Monday, Oct. 23, 1989

By Philip Elmer-DeWitt

Mid-October is the season for naming Nobel laureates, but it is also a propitious time for scientists to reveal discoveries that may win future Nobels. Last week, even as this year's Nobel winners were reacting to their awards, two teams of physicists made just such a landmark announcement. In rival statements -- one from the Stanford Linear Accelerator Center in California, the other from the European Organization for Nuclear Research (CERN) in Geneva -- scientists disclosed findings they say establishes beyond a reasonable doubt that the universe contains precisely three fundamental types, or families, of matter. No more, no less.

No, they are not animal, vegetable and mineral. In fact, all the matter most people are familiar with can be subsumed within one family of particles. This family includes the common electron, which hovers around the nucleus of the atom; the "up" and "down" varieties of quarks, now known to be the constituents of protons and neutrons; and an obscure particle known as the electron neutrino. Neutrinos have no charge and no measured mass, yet are thought to be among the most abundant particles in the universe.

The members of the other two families are even more elusive. Some have never been directly observed, and the others have only been spotted fleetingly in cosmic rays or high-energy particle accelerators. The second family consists of so-called "charmed" and "strange" quarks, muons and muon neutrinos. The third is made up of "top" and "bottom" quarks, tau particles and tau neutrinos. Last week's announcements do not preclude the possibility that other types of particles could be discovered, but they raise the odds against that happening, by Stanford's estimate, to better than 25 to 1.

These odds were calculated by observing the behavior of the Z particle, the heaviest known unit of matter. Zs are produced in the collision of smaller particles that have been accelerated to nearly the speed of light. By creating large numbers of Z particles, physicists were able to establish the energy range required to form a Z. Working backward from that energy range, they then calculated whether the laws of nature could accommodate more than the three known types of matter. Last week's results made it more than likely that the answer is no.

Why is this important? Because gnawing uncertainty about the number of particle families had plagued two theories that are the foundation of modern physics: the Big Bang theory of the creation of the universe and the Standard Model of the building blocks of matter.

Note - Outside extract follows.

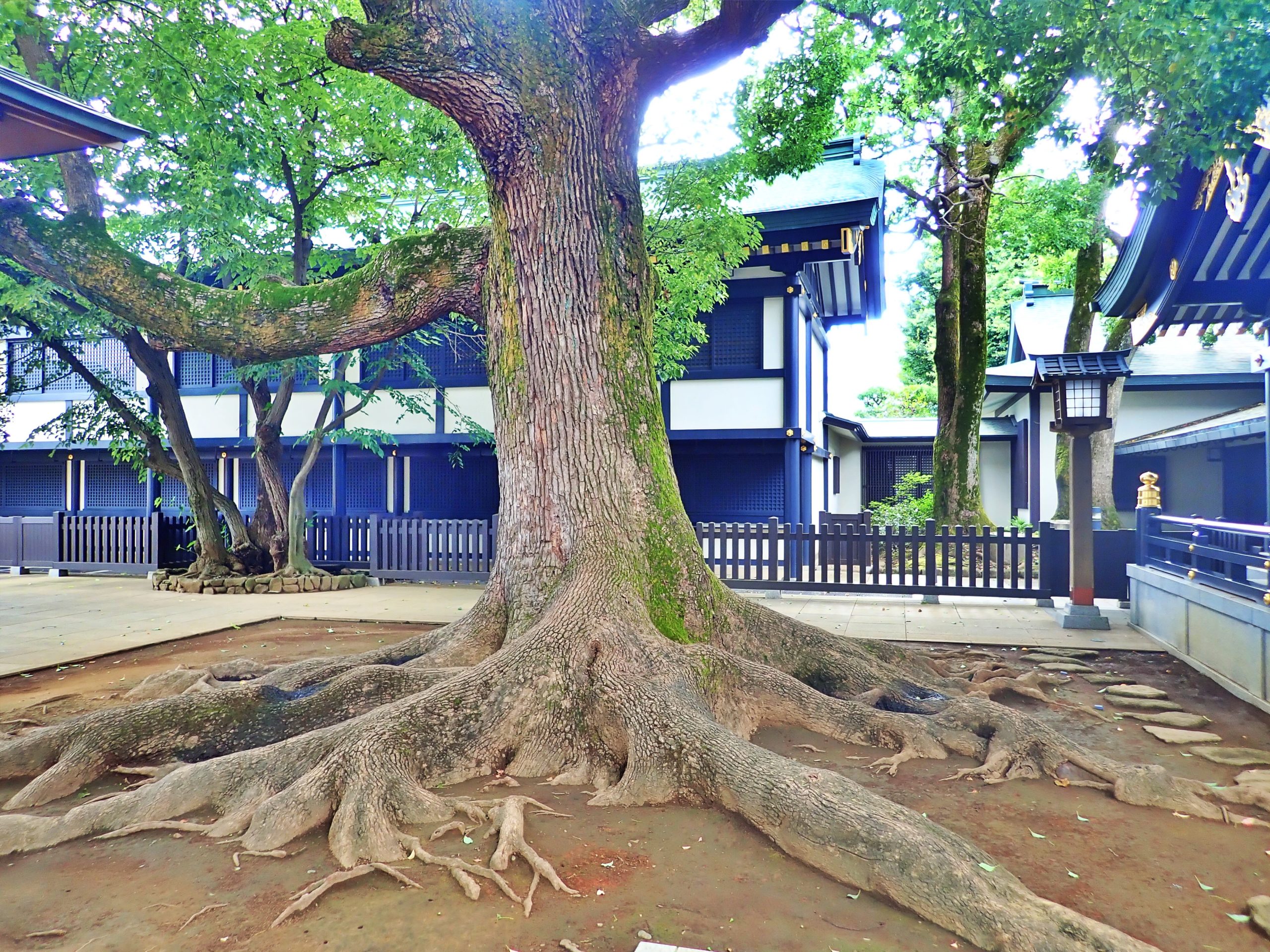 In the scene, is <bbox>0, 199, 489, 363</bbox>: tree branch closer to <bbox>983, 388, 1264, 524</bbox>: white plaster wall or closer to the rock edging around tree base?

The significance of the new findings was underscored by the haste with which they were revealed. The Stanford team, led by Burton Richter (a 1976 Nobel laureate), went public first, issuing a press release only one day before a European symposium at which CERN's findings were to have been presented. That led to charges of bad sportsmanship from some of the CERN team, led by Carlo Rubbia (1984 Nobel), whose results are said to be more accurate and even more definitive.